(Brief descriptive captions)
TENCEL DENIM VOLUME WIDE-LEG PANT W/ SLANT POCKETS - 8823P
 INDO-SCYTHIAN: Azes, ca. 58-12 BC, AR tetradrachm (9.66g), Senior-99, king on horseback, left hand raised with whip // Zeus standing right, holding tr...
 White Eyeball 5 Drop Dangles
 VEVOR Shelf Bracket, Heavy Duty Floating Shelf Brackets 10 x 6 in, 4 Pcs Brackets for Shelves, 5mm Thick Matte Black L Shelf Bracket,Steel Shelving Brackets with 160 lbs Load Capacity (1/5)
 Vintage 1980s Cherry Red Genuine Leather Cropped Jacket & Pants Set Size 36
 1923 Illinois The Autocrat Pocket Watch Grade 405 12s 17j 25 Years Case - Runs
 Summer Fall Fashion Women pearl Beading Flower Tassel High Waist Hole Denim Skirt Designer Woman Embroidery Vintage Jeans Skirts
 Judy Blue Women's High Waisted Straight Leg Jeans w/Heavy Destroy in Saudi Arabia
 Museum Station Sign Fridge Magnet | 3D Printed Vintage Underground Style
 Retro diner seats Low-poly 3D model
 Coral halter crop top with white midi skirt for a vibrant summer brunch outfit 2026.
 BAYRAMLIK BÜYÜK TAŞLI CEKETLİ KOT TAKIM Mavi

> Your instructions:
From the records above, print only the lines between the one holding "VEVOR Shelf Bracket, Heavy" and the one holding "Vintage 1980s Cherry", inclusive, exactly as they stand.

> Task solution:
 VEVOR Shelf Bracket, Heavy Duty Floating Shelf Brackets 10 x 6 in, 4 Pcs Brackets for Shelves, 5mm Thick Matte Black L Shelf Bracket,Steel Shelving Brackets with 160 lbs Load Capacity (1/5)
 Vintage 1980s Cherry Red Genuine Leather Cropped Jacket & Pants Set Size 36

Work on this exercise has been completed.